Top 5 Concepts to Brush Up On for This Repo

🧩 Concept🔍 What It Is⚙️ Why It Matters
Model Context Protocol (MCP)A new protocol for tool-calling in LLMsPowers structured AI-agent communication
UvicornFast ASGI server for Python web appsHosts the FastAPI-based MCP server
SelectolaxHigh-speed HTML parserEfficiently scrapes and extracts weather data
functools.lru_cacheBuilt-in Python decorator to cache function callsBoosts performance by avoiding repeated fetches
Token Usage Metrics (OpenAI)Info on how many tokens were used in an LLM callHelps track cost and optimize prompt design

💡 Even if you're familiar with Python and APIs, these tools represent cutting-edge AI stack engineering and are worth a quick look!

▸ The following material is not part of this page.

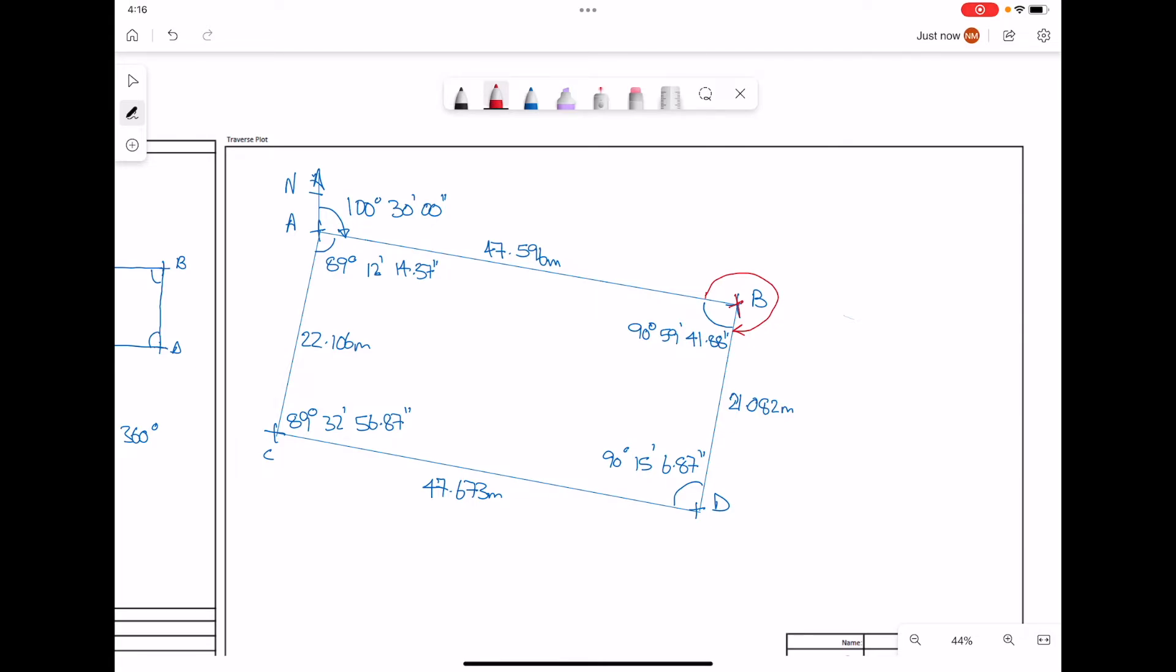That will simply be calculated as 360 minus the internal angle we have at B, which is 360 minus 90 degrees, 59 minutes, 41.88 seconds. That will give us 269 degrees, 0 minutes, 18.18 seconds.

📊 Token Usage & Performance Metrics

The Streamlit UI now includes:

  • ⏱️ Response Time
    Time taken to fetch and process weather info

  • 🧠 Prompt Tokens
    Tokens used in the LLM prompt

  • 💬 Completion Tokens
    Tokens generated in the LLM response

  • 🔢 Total Tokens
    Total token count per request, useful for cost tracking

These are displayed in a clean visual layout under each result card.


🖥️ Streamlit App Preview


Requirements

  • Python 3.9 or higher
  • Dependencies listed in requirements.txt

🛠️ Setup

  1. Clone the repo
    git clone https://github.com/your-username/mcp_weather_scraper.git
    cd mcp_weather_scraper
    
  2. Create and activate a virtual environment
    python -m venv .venv
    .venv\Scripts\activate  # On Windows
    
  3. Install dependencies
    pip install -r requirements.txt
    
  4. Set environment variables Create a .env file in the root directory and add your OpenAI API key
    OPENAI_API_KEY=your_openai_api_key
    
  5. Running the Server
    uvicorn server:app --reload
    
    The server will be available at http://localhost:8000. You can access the API documentation at:
  6. Making a Request
    python client.py
    
    OR
    curl -X POST http://localhost:8000/weather -H "Content-Type: application/json" -d '{"location": "Seattle"}'
    
    The script sends a POST request with the following payload:
    {
      "location": "Seattle"
    }
    
    The server will respond with weather data in JSON format, such as:
    {
      "location": "Seattle",
      "temperature": "15°C",
      "humidity": "80%",
      "air_quality": "Good",
      "condition": "Cloudy"
    }
    

📦 Folder Structure

.
📁 mcp_weather_scraper/
├── assets/
│   └── streamlit_screenshot.png
├── server.py          # MCP-compatible tool server
├── client.py          # MCP client that interacts with model + tools
├── data_models.py     # Pydantic schemas for request/response
├── utils.py           # HTML cleaning, scraping, etc.
├── requirements.txt
└── .env

📄 License

This project is licensed under the MIT License.